**Dataset entries:**

*** Block opens ***

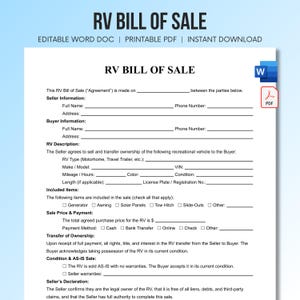 May include: A white RV Bill of Sale document template featuring sections for seller and buyer information, vehicle description, included items, sale price, payment method, and transfer of ownership, with Word and PDF icons displayed on the side.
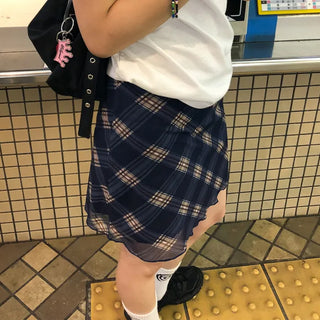 Checkered elastic waist mini skirt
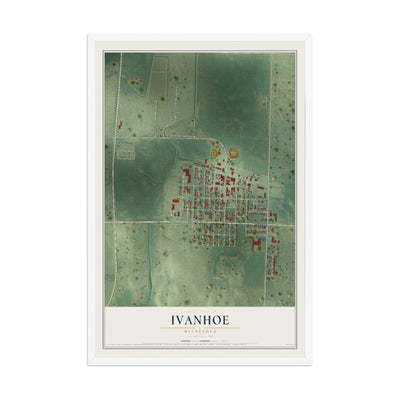Map of Ivanhoe, Minnesota, 12 x 18 inch print in a white wood frame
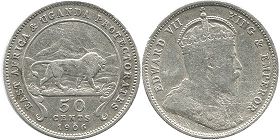 монета Восточная Африка и Уганда 50 центов 1906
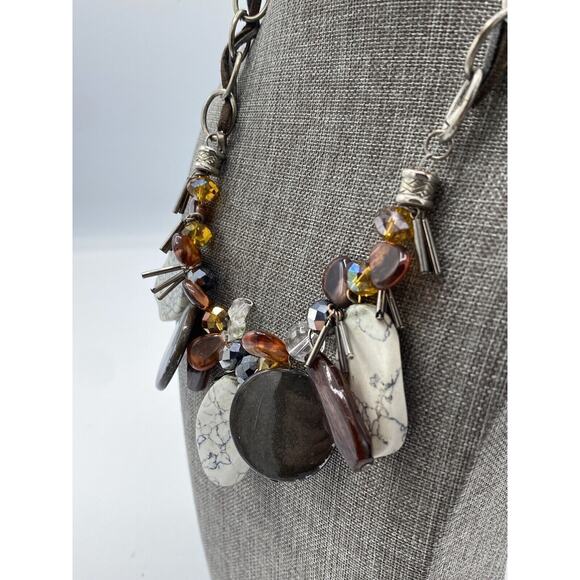Laura Ashley Chain Leather Cord Statement Necklace Dangle Beads Marble Crystals - Picture 1 of 10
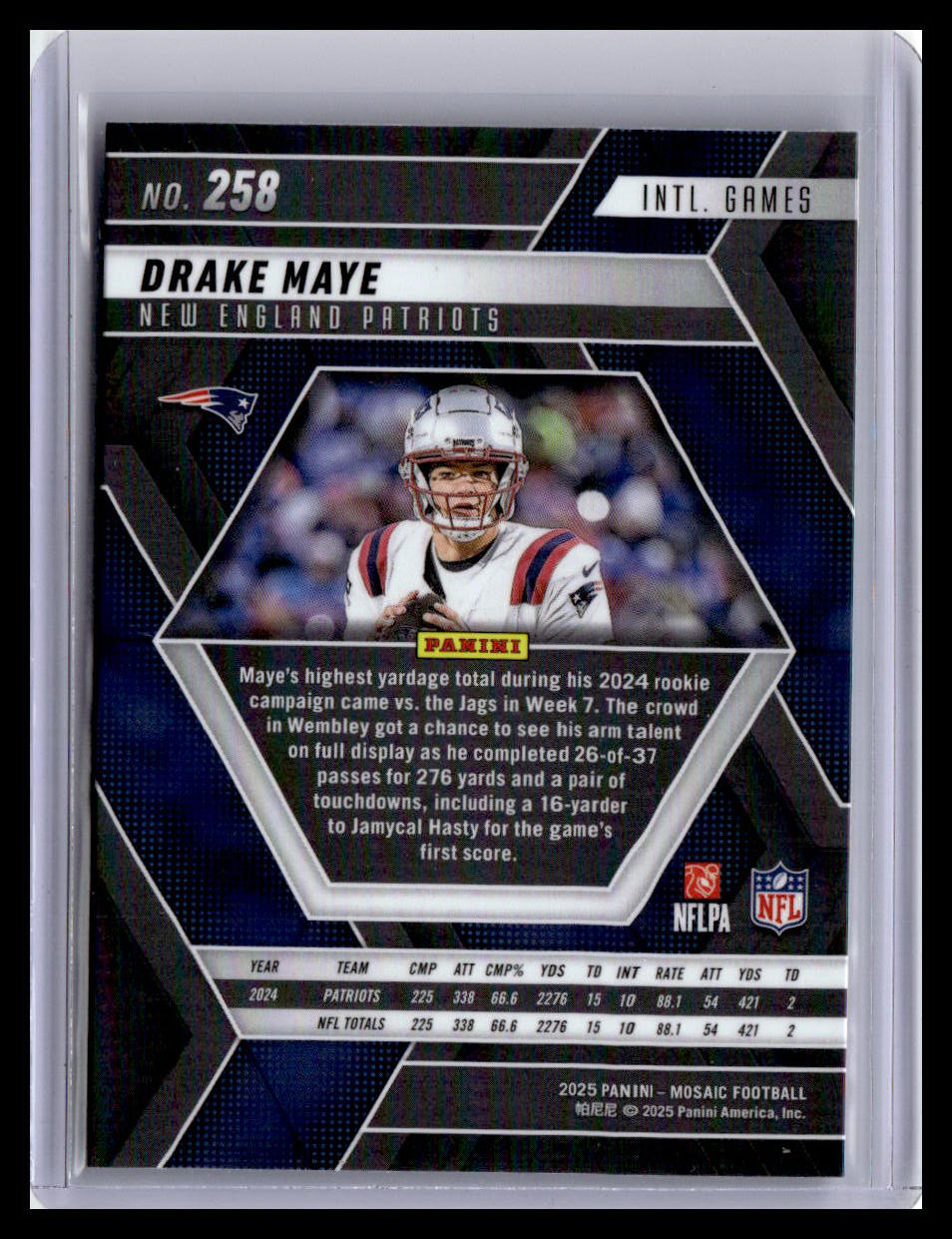 2025 Panini Mosaic #258 Drake Maye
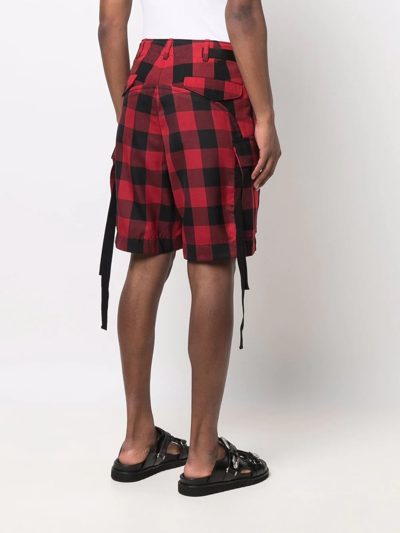 Shop Sacai Check-print Belted Cargo Shorts In Red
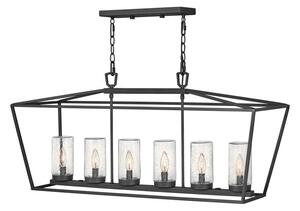 Quintiesse QN-ALFORD-PLACE-6P-MB Alford Place 6 Light Linear Ceiling Lantern In Museum Black Finish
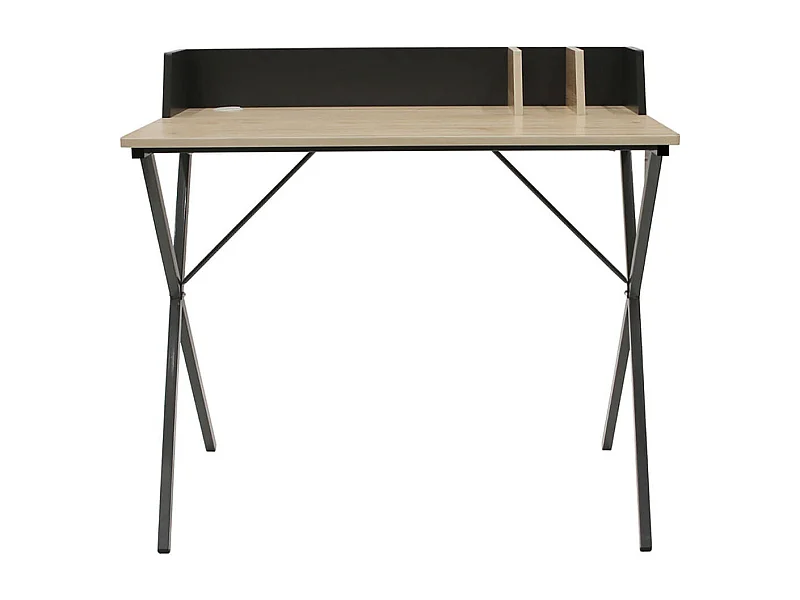 BADIE - Bureau Plateau Effet Bois et Piètement Noir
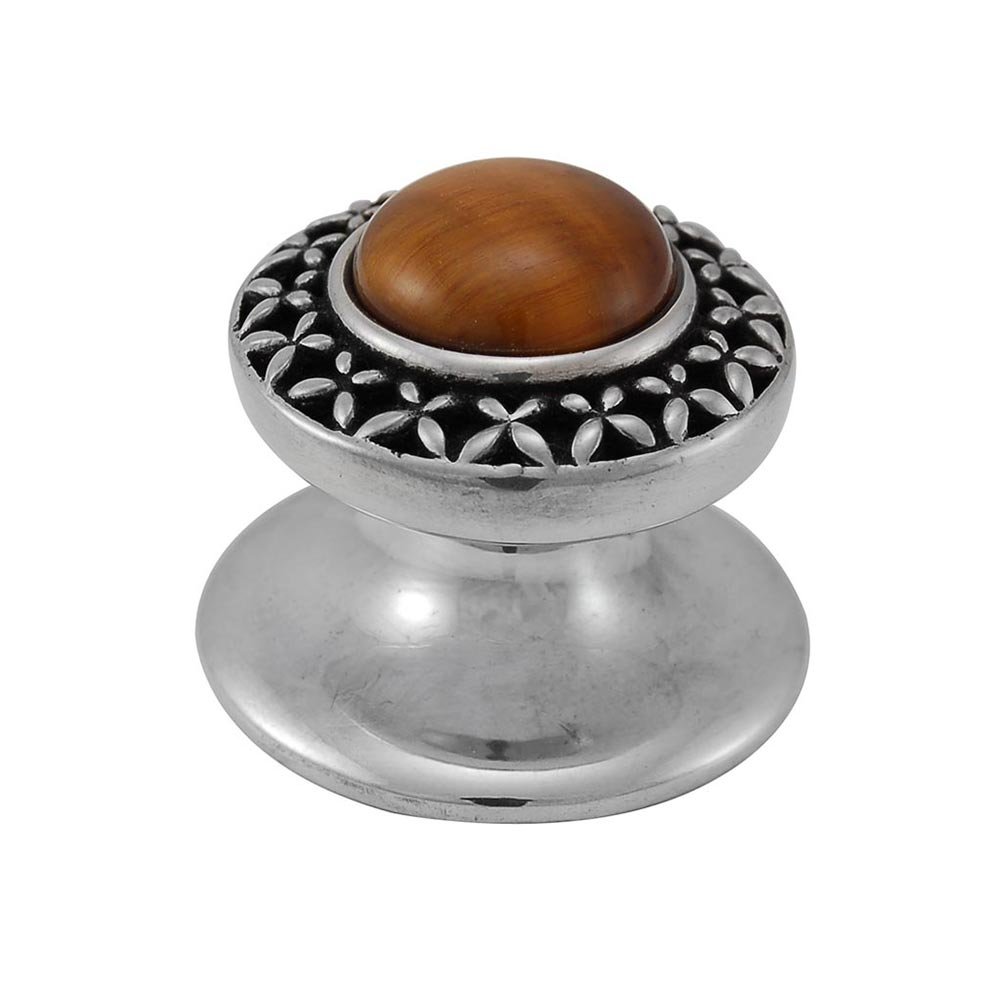 Round Gem Stone Knob Design 4 in Antique Silver with Tigers Eye Insert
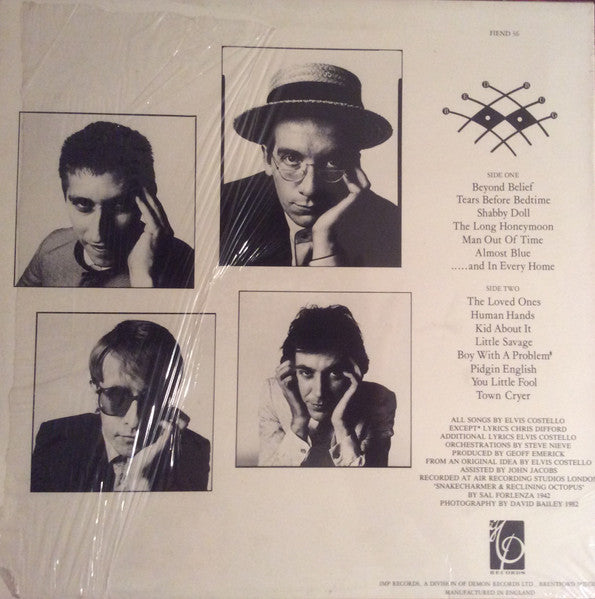 Image of Back Cover of LP - VG+/VG - ELVIS COSTELLO AND THE ATTRACTIONS, Imperial Bedroom (Imp Records; FIEND 36, UK 1984 Reissue, Inner, No Barcode.), ,  - 2526230E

*** Block closes ***

**Problem description:** Give back all of the data exactly, but not the pictures.

**Answer to this task:**
 May include: A white RV Bill of Sale document template featuring sections for seller and buyer information, vehicle description, included items, sale price, payment method, and transfer of ownership, with Word and PDF icons displayed on the side.
 Checkered elastic waist mini skirt
Map of Ivanhoe, Minnesota, 12 x 18 inch print in a white wood frame
 монета Восточная Африка и Уганда 50 центов 1906
Laura Ashley Chain Leather Cord Statement Necklace Dangle Beads Marble Crystals - Picture 1 of 10
 2025 Panini Mosaic #258 Drake Maye
 Shop Sacai Check-print Belted Cargo Shorts In Red
 Quintiesse QN-ALFORD-PLACE-6P-MB Alford Place 6 Light Linear Ceiling Lantern In Museum Black Finish
 BADIE - Bureau Plateau Effet Bois et Piètement Noir
 Round Gem Stone Knob Design 4 in Antique Silver with Tigers Eye Insert
 Image of Back Cover of LP - VG+/VG - ELVIS COSTELLO AND THE ATTRACTIONS, Imperial Bedroom (Imp Records; FIEND 36, UK 1984 Reissue, Inner, No Barcode.), ,  - 2526230E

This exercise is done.